See, the patch doesn't really make sense to me when I think about the proper protocol semantics. While I don't want to leave an open crasher out there if the client does something against protocol, we should identify what's going wrong, fix GTK+ and have mutter send out an error to the client if they use the protocol wrong.
Ok, here's what I found: - xdg_surface_destructor() and thus meta_window_unmanage() and meta_stack_tracker_queue_sync_stack() are called - wl_surface_destructor() is called and free()'s the MetaWaylandSurface - the queued meta_stack_tracker_sync_stack() is called from the main loop and emits MetaScreen::restacked which gnome-shell's windowManager.js handles by calling global.sync_pointer() which pushes a CLUTTER_MOTION event - that motion event, gets turned into a CLUTTER_LEAVE event in _clutter_input_device_set_actor() for the MetaWindowActor corresponding to the MetaWaylandSurface that's already destroyed - mutter's handling of this leave event ends up in get_window_for_event() and meta_surface_actor_get_window() for the MetaSurfaceActorWayland which is still alive since we're animating the window unmanagement and this is where we crash because MetaSurfaceActorWayland->surface is already free()'d. So, unless there's something above which we shouldn't be doing (or should do differently), we have to protect against with something like this patch or probably something more elegant which I can't think of at the moment :-)
Created attachment 296043 [details] [review] input-device: Reset the focused actor when it becomes unreactive
Review of attachment 296043 [details] [review]: ::: clutter/clutter-input-device.c @@ +686,3 @@ +{ + if (!clutter_actor_get_reactive (actor)) + _clutter_input_device_unassociate_actor (device, actor, TRUE); shouldn't this be FALSE?

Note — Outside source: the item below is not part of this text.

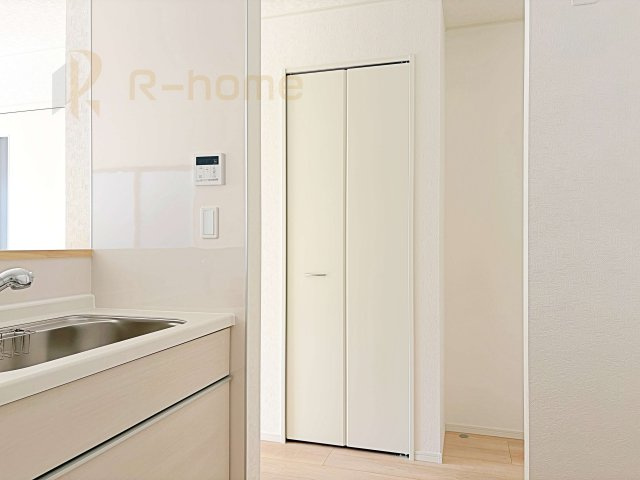 結城市結城第40　新築戸建て　1号棟の収納|キッチンパントリーとしても活用できる収納！リビングに物を出さず、綺麗を保てそうですね♪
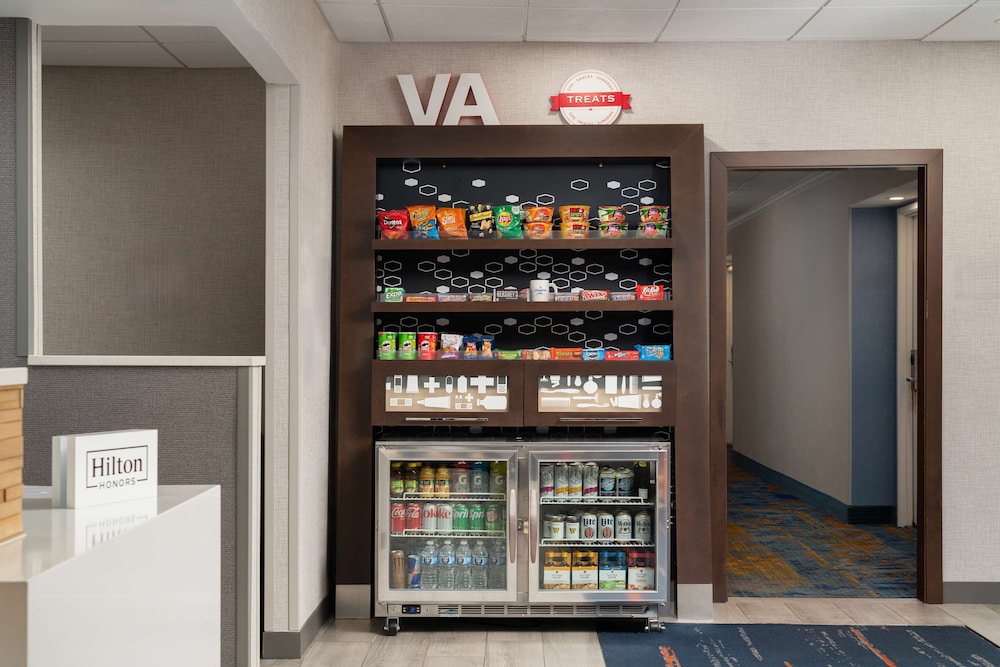 Hampton Inn Fairfax City - photo 40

Yes, it should. Nice catch.
Review of attachment 296043 [details] [review]: looks generally good, with the change Rui identified.
Just to leave some context here for future reference, here's how Jasper's patch ended up in this bug: 16:45 < Jasper> rtcm, actually, shouldn't meta_window_unmanage destroy the window actor as well, or at least make it unreactive? 16:50 < rtcm> Jasper: make it unreactive makes sense, let me try 16:51 < Jasper> rtcm, we already do 16:51 < Jasper> rtcm, meta_window_unmanage calls meta_wayland_surface_set_window, which makes it unreactive 16:51 < Jasper> rtcm, note that MetaWindowActor isn't reactive to begin with -- you're probably confusing MetaWindowActor with MetaSurfaceActorWayland 17:22 < rtcm> Jasper: it's complicated. clutter generates a leave event for the actor that was associated with the device without checking if it's reactive: https://git.gnome.org/browse/clutter/tree/clutter/clutter-input-device.c#n692 17:23 < rtcm> so maybe that's a clutter bug? 17:23 < Jasper> rtcm, I had a patch for that somewhere in my local tree
*** Bug 745046 has been marked as a duplicate of this bug. ***